Another post from guest blogger Mike Bean. A little Latin, a little logic, and the lowly service console.
Hello virtual world!
At the risk of singing an old refrain, I was unavoidably detained from my self-imposed one blog a week schedule. Due to circumstances beyond anyone’s control, my caseload has increased by an order of magnitude. Between you and me, I think my manager’s just trying to make sure I don’t have time to write any more blogs! Jokes aside, that’s really just the nature of the business we’re in, tech support is the information technology version of firefighting. Some days you’re playing cards in the station, next thing you know you’re hip deep in multiple five-alarms all over the county.
Can we speak candidly? Make no mistake about it, tech support kinda sucks. It’s very high stress, very high turnover rate, and generally fairly unappreciated. My intent here is not to solicit sympathy, but rather to paint an accurate picture. So why does anyone take the job?
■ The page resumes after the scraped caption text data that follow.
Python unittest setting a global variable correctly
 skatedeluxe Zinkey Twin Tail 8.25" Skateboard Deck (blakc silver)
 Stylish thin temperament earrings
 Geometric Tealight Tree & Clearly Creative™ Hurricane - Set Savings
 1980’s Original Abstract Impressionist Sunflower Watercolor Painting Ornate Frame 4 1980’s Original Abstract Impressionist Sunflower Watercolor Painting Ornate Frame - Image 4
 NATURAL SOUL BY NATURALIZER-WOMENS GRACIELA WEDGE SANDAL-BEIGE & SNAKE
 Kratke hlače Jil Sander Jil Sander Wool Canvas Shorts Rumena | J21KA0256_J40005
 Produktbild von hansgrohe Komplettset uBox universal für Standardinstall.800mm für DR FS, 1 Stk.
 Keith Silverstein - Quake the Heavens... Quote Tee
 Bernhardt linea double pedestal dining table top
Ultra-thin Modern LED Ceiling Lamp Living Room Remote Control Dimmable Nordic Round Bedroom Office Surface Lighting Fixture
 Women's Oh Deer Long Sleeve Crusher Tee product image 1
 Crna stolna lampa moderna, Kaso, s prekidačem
Personally I tend to think it does have some advantages. It keeps the mind nimble. I can say with complete sincerity, that VERY RARELY do I leave the apartment with any real expectation of what the day has in store for me. More than once a customer has asked me, “So, have you ever seen anything like this?” Usually this is right about the time I’m frowning at my monitor with cartoon question marks spawning from my head. You really never know how the day will end. True story, one minute, I was fairly proud of myself. I’d managed to make a fairly tricky diagnosis concerning a half dozen some odd VM’s shutting down the night before. The next minute, I was getting REALLY BASIC elementary level instruction in unix/linux compression from our escalation engineers! (ah, humility, my old friend, it’s like you never left me!)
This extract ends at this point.